Please return each of the entries exactly, minus their pictures.

##### DATASET RECORDS #####

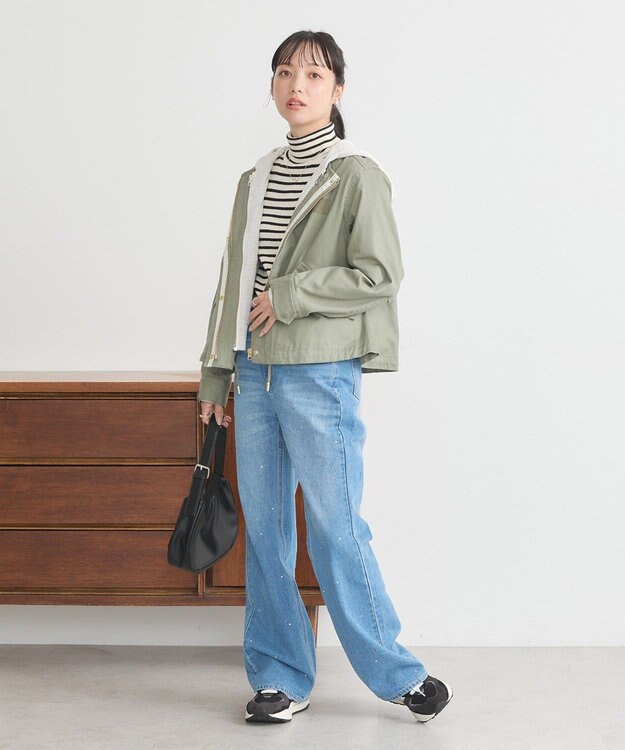 earth music&ecology パーカー付きミリタリーブルゾン Khaki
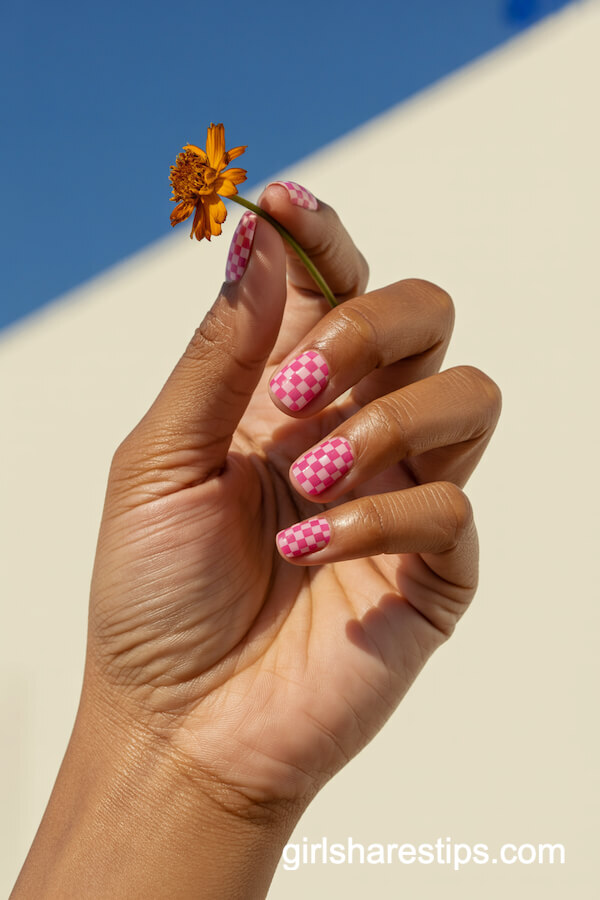 Short Square Light and Dark Pink Checkerboard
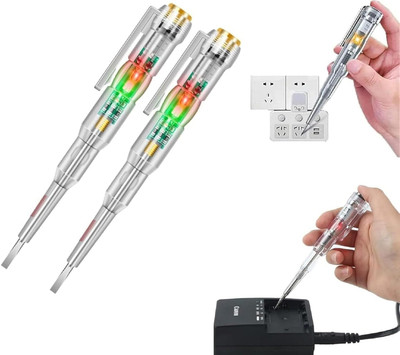 MOXWARE 2pcs High Brightness Voltage Tester Pen LED Electric Power Testing Pen Detector Analog Voltage Tester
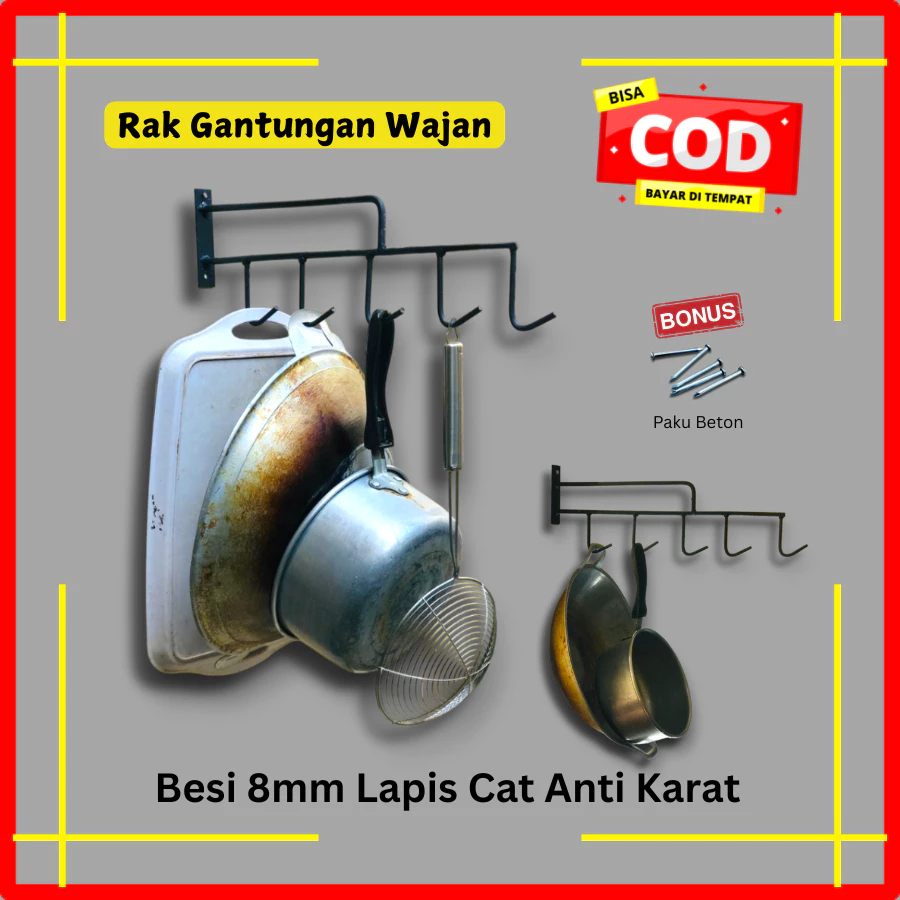 Rak Gantungan Panci Wajan - Rak Dapur Cantolan Wajan & Panci Tempel Dinding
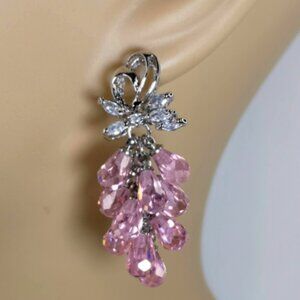 Glass bead Rhinestones romantic Grape Dangle earrings Nwot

#####

→ WORKED SOLUTION
 earth music&ecology パーカー付きミリタリーブルゾン Khaki
 Short Square Light and Dark Pink Checkerboard
 MOXWARE 2pcs High Brightness Voltage Tester Pen LED Electric Power Testing Pen Detector Analog Voltage Tester
 Rak Gantungan Panci Wajan - Rak Dapur Cantolan Wajan & Panci Tempel Dinding
 Glass bead Rhinestones romantic Grape Dangle earrings Nwot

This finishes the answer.